_PROMPT_
Look in the data below for the line that has "Free printable Mary", then print exactly every line from there through the line that has "1107138010E6,BEARING, CRANKSHAFT,سبيكة مكينة", leaving pictures out.

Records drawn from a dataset
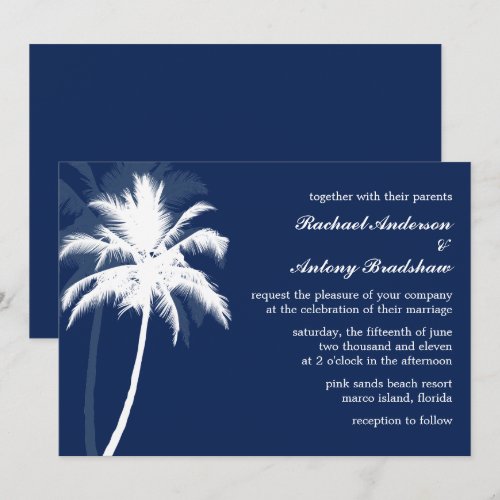 Palm Trees Tropical Wedding Custom Invitations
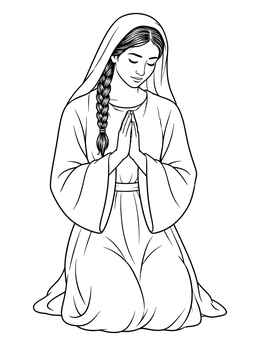 Free printable Mary Kneeling In Serene Prayer coloring page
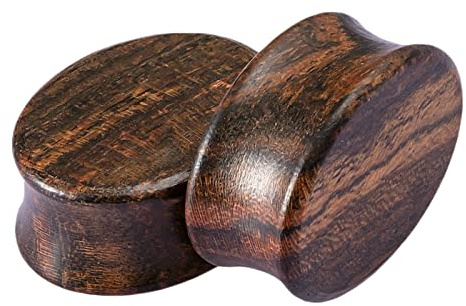Ayoiow 2 STK Plugs Aus Holz, Ohr Tunnel Ovale Form Tunnel Ohrringe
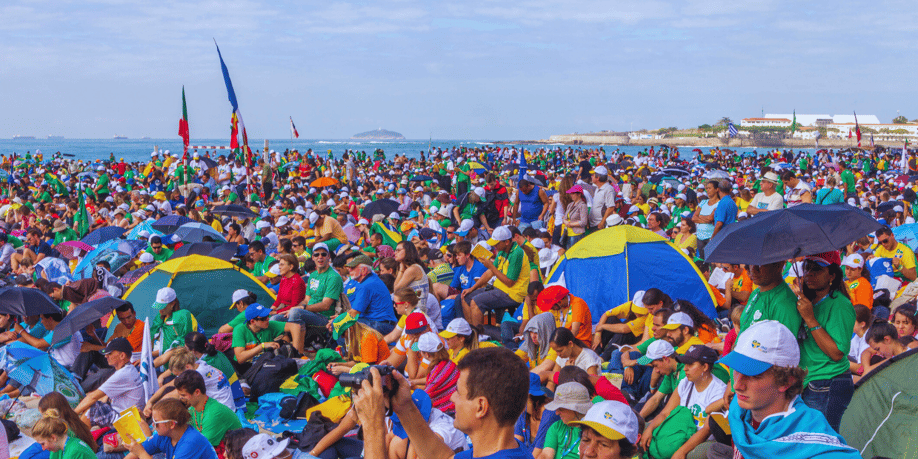 crowded beach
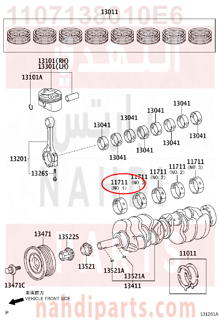 1107138010E6,BEARING, CRANKSHAFT,سبيكة مكينة 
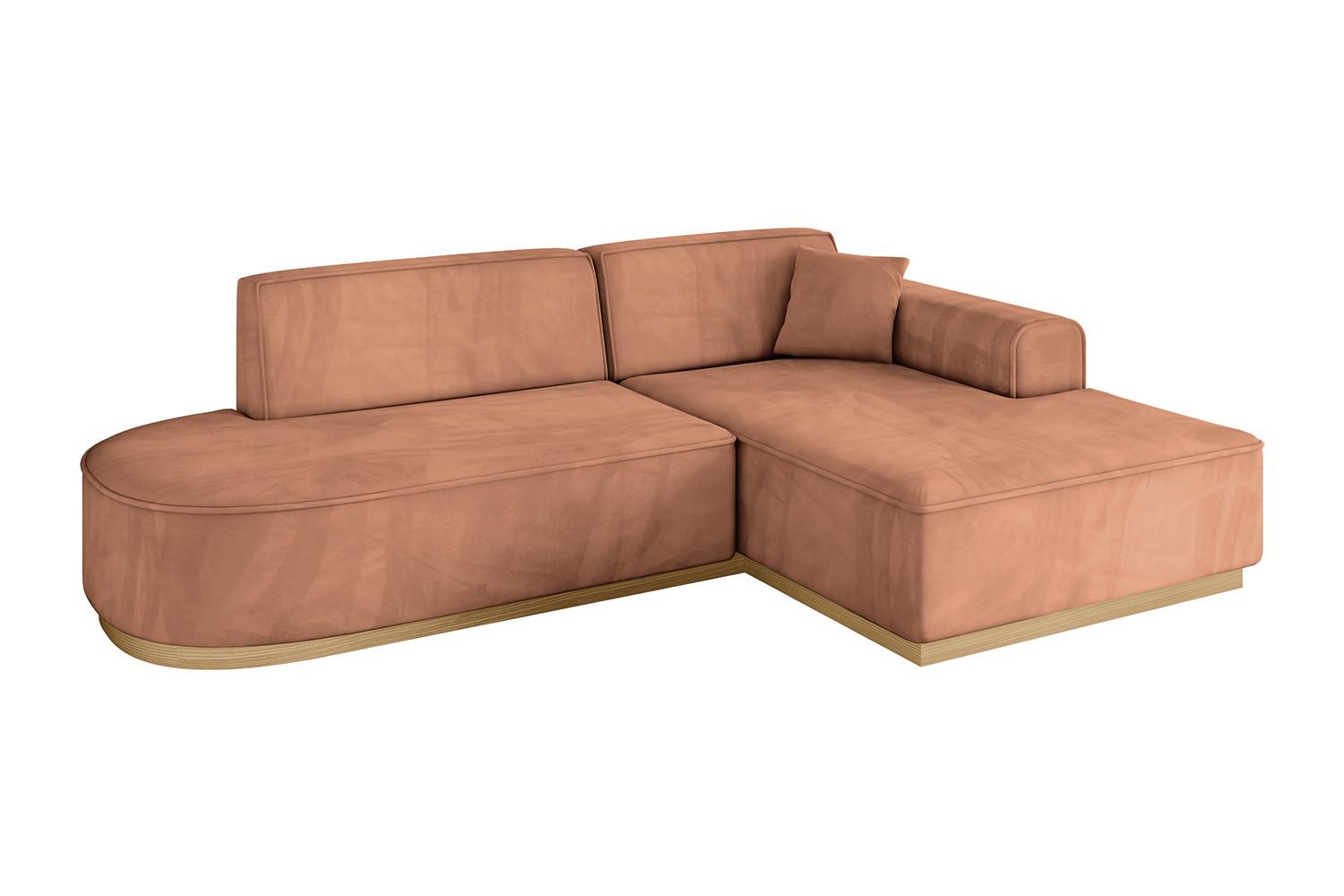 ECKSOFA Ottomane Rechts IREA-L1-v2 - 234x171x83 cm Koralle - Koralle, Holzwerkstoff/Textil (171/234cm) - ALTDECOR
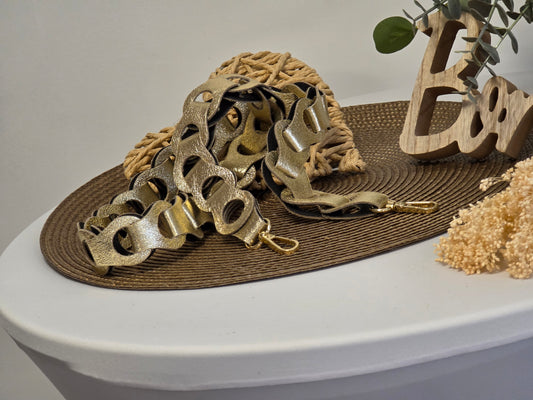 Bandoulière de Sac Cuir de Vachette Bronze Doré - N°23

_ANSWER BELOW_
 Free printable Mary Kneeling In Serene Prayer coloring page
Ayoiow 2 STK Plugs Aus Holz, Ohr Tunnel Ovale Form Tunnel Ohrringe
 crowded beach
 1107138010E6,BEARING, CRANKSHAFT,سبيكة مكينة 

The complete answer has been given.